FOCUS Speaking and Listening; Fluency and spontaneity; Keeping a conversation going
TIME 10 – 15 minutes
Materials and preparation: None, and there is no handout either.
- Tell your students that they will be conversing in pairs, A and B, that A will begin a conversation
by saying one word, B will reply by saying two words, A will respond by saying three words, B will
reply by saying four words, and so on.
- On the board, write A: ‘Hello’, and ask students to tell you two words that someone could say
in reply. Accept any reasonable suggestions such as, Hello, Marie; Sorry, what?; Lovely day!, and
write them on the board too.
- Then write A: ‘…..’ on the board and elicit a response with three words. Again, accept any
reasonable suggestions such as, How are you?; Want a coffee?; Yes, beautiful day.

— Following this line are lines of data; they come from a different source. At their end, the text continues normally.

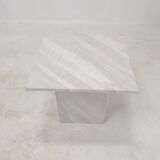Italian Marble Coffee or Side Tables, 1980s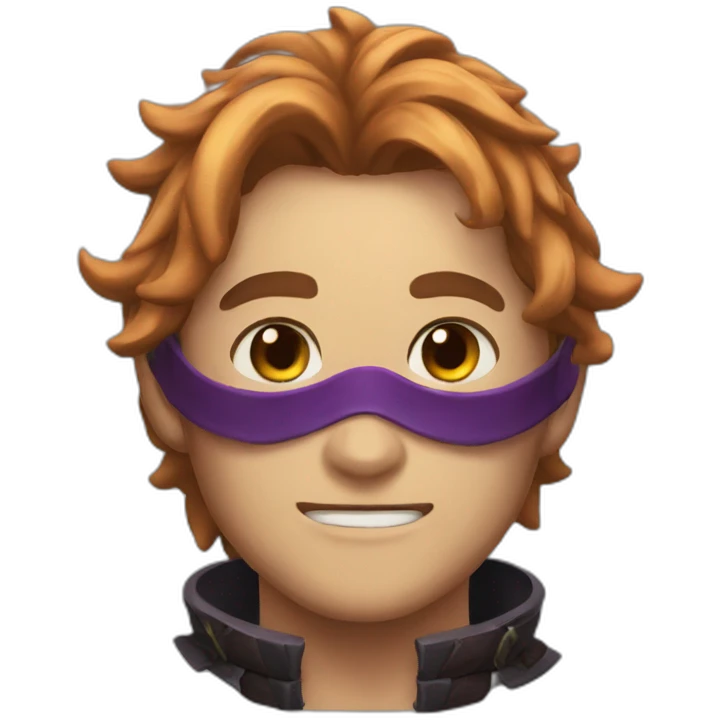 Demon slayer emoji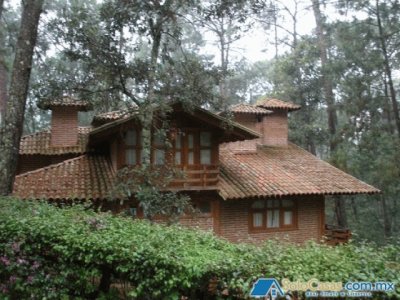 CABAÃ‘AS MAZAMITLA JALISCO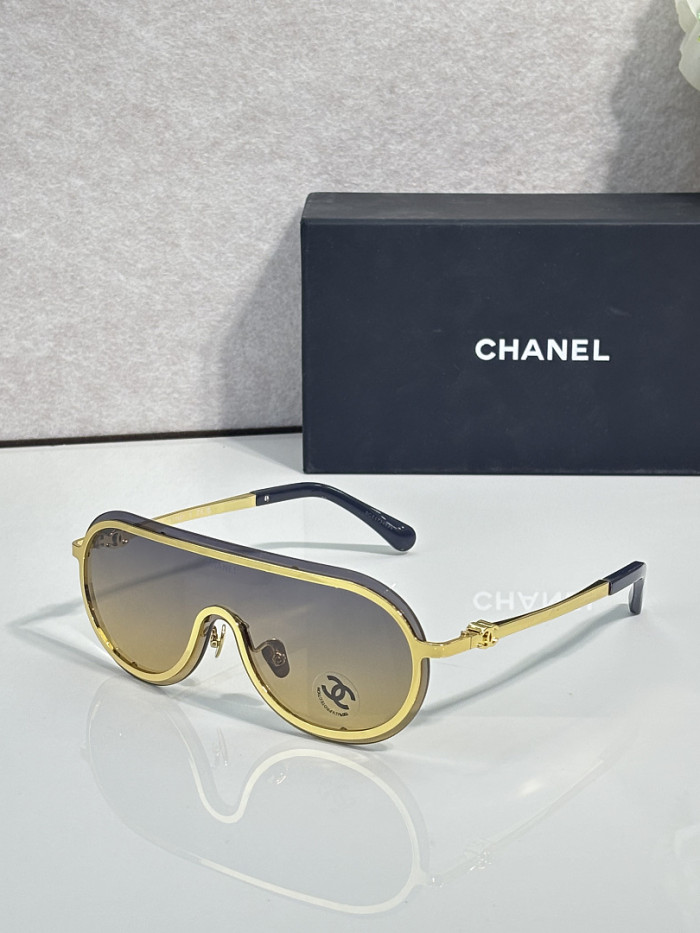 CHNL Sunglasses AAAA-7939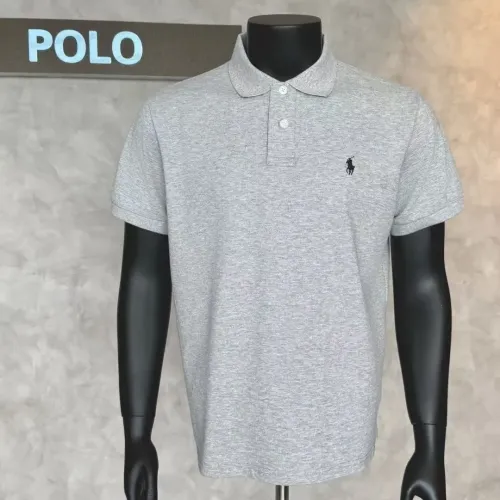 Wholesale Ralph Lauren Polo T-Shirts Short Sleeved For Men #1452292 $38.00 USD, Wholesale Quality Replica Ralph Lauren Polo T-Shirts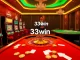 Experience thrilling gameplay at 33win with vibrant casino tables and engaging gambling activities.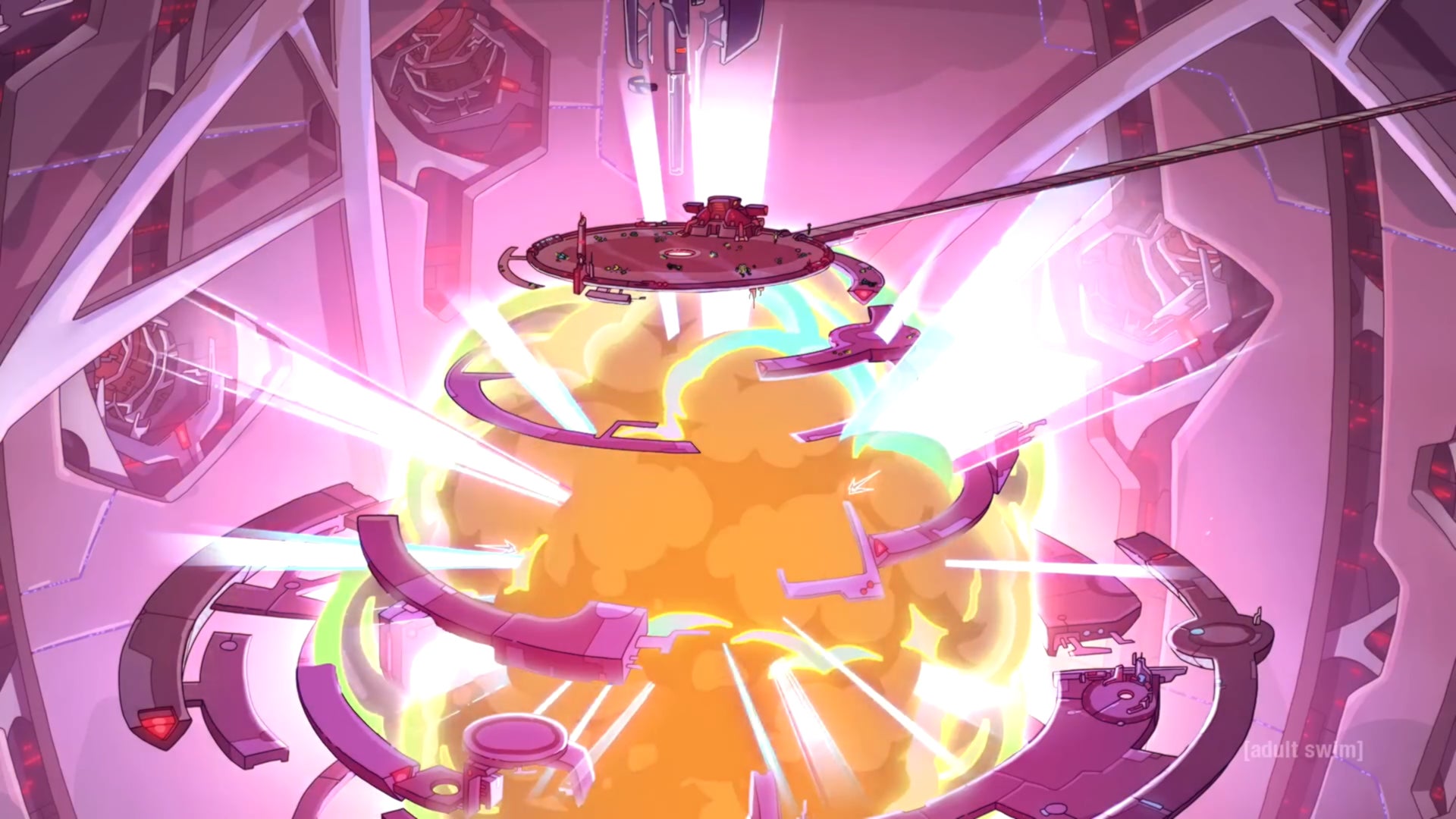 Rick and Morty’s Season 7 recast is the least of its problems - 6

- If your students are a little slow thinking up ideas, let them plan their upcoming conversation
on paper in pairs. If they are usually spontaneous, let them start straightaway. The only rule is
that they cannot start with the word Hello, because you’ve already started a dialogue that way.
Encourage them to try to build towards a ten word response from B.
The activity can be made easier for lower level classes by asking them to go up to three (or four words) and then go back and start the sequence over again (with one word), and so on.
Setting an arbitrary constraint such as the number of words or the letter with which utterances must start or restricting the topic and the time, usually distracts students from worrying what to talk about and how to express their thoughts.